Ce modèle est une représentation du passage argumentatif selon 1) une composante positive “Donnée – Loi de passage et Support – Conclusion », et une composante négative “Modal – Réfutation”. La première établit une proposition, la seconde précise ses conditions de réfutation, faisant entendre la voix d’un « challlenger ». L’argumentation est ainsi définie comme un raisonnement par défaut.

1. Structure du dialogue et du monologue argumentatif prototypique

Pour Toulmin, le monologue polyphonique suivant est un discours argumentatif élémentaire typique complet ([1958], p. 99)

Harry est né aux Bermudes ; or les gens qui sont nés aux Bermudes sont en général citoyens britanniques, en vertu des lois et décrets sur la nationalité britannique ; donc Harry est probablement citoyen britannique ; à moins que ses parents n’aient été étrangers, ou qu’il n’ait changé de nationalité.

La représentation conceptuelle de ce passage est donnée sous forme d’un schéma, articulant six composantes fonctionnelles.

Structure du passage

 

Cette structure combine deux composantes, faisant entendre deux voix :

Une composante positive, qui justifie une Conclusion (Claim) par une Donnée (Data), appuyée sur des principes généraux de généralité croissante, la Loi de passage (Warrant) et son Support (Backing).

Une composante négative, attachant à la conclusion un Modalisateur (Qualifier) pointant vers les conditions de Réfutation (Rebuttal) du raisonnement positif.

2. Une lecture dialogale

Ce monologue peut être rejoué comme un dialogue argumentatif prototypique, à partir d’une question d’enquête, et se développant sous la pression exercée par un tiers, le challenger.

1) Issue, Question

— Quelle est la nationalité de Harry ?

2) Claim, Conclusion

Une assertion exprimant une position (C, Claim)

Harry est sujet britannique (ibid., p. 99).

Le terme anglais claim désigne « une revendication [demand] de quelque chose que l’on considère, à tort ou à raison, comme son dû » (Webster, Claim), on le traduit par “conclusion”. Il signifie également “affirmation, demande, revendication” de quelque chose dans un contexte de contestation « to lay claim to sth : [+ position, throne] “prétendre à qch. [+ land, right, title], revendiquer qch. » (Collins, Claim).

Le modèle de Toulmin fonctionne dans une situation de dissensus, comme le montre l’intervention suivante, mettant en scène une voix qui refuse de ratifier la conclusion positive sur la base de sa seule affirmation.

3) La position avancée n’est pas ratifiée par l’opposant (Challenger)

Challenger : — Qu’est-ce qui vous permet de dire ça ?
What have you got to go on ? (ibid. p. 98)

Le mécanisme de la justification est déclenché par l’intervention d’un “challenger” (opposant) :

Lorsque nous faisons une assertion [assertion], nous nous engageons de ce fait même [thereby] à la position [claim] qu’elle exprime.

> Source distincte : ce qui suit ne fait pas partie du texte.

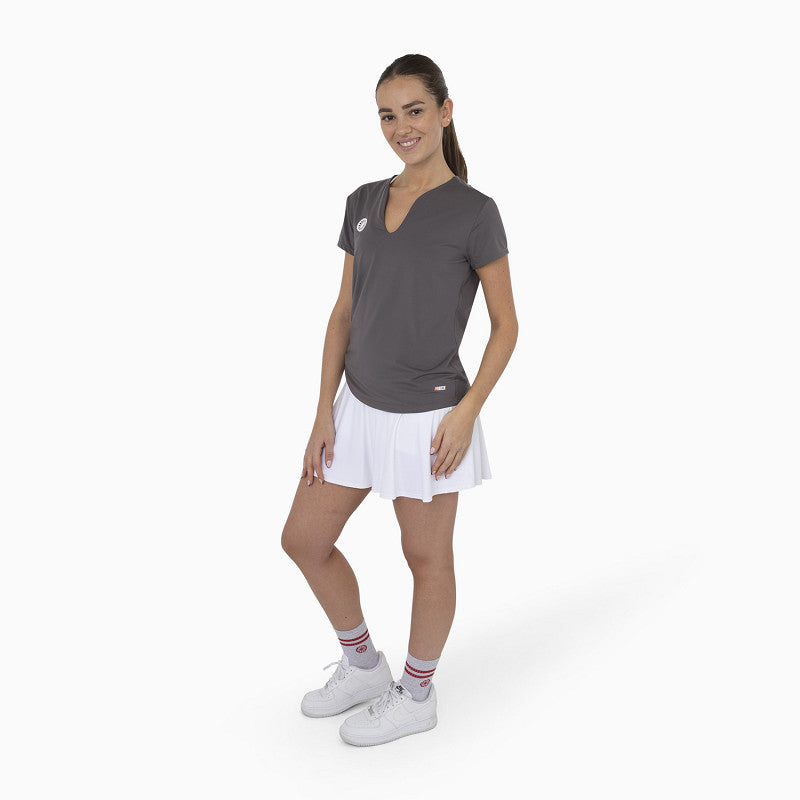 Indian - Women breeze tee Walnut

Si cette position est mise en cause [if this claim is challenged], nous devons être en mesure de la fonder [establish], c’est-à-dire de montrer qu’elle est justifiable [justifiable]. Comment faire pour cela ? ([1958], p. 97).

4) Data, donnée

Le proposant doit être capable de justifier sa proposition C par un fait D capable de la soutenir. (Id., p. 97) :

— Harry est né aux Bermudes

Le terme anglais data signifie : « quelque chose que l’on sait ou que l’on suppose être vrai ; faits ou chiffres dont on peut tirer une conclusion ; information » (Webster, Data).

Les mots Data et Claim sont des termes corrélatifs. Les Claims s’appuient sur des Data, et les Data sont réunis en fonction des Claims.

5) Warrant, Loi de passage

Le challenger peut considérer que l’information D n’est pas satisfaisante et exiger du locuteur qu’il précise en quoi cette donnée est pertinente pour la conclusion (id., p. 98) :

Challenger : — Et alors ?
How do you get there ? (Ibid.)]

Le locuteur répond en explicitant « la règle (Warrant) (le principe, le permis d’inférer) » (ibid) qui lie la donnée à la conclusion. C découle de D, puisque :

— « les gens nés aux Bermudes sont citoyens britanniques. » (Id., p. 99)

Le terme anglais warrant, traduit par “mandat, garantie, justification”, signifie « 1. Autorisation ou approbation [sanction] donnée par un supérieur ou une loi » (Webster, Warrant) ; la transition de l’argument à la conclusion est permise par une décision faisant autorité. Il signifie également « 2. Justification ou bonne raison [reasonable ground] pour une action, un comportement, une affirmation ou une croyance » (id.).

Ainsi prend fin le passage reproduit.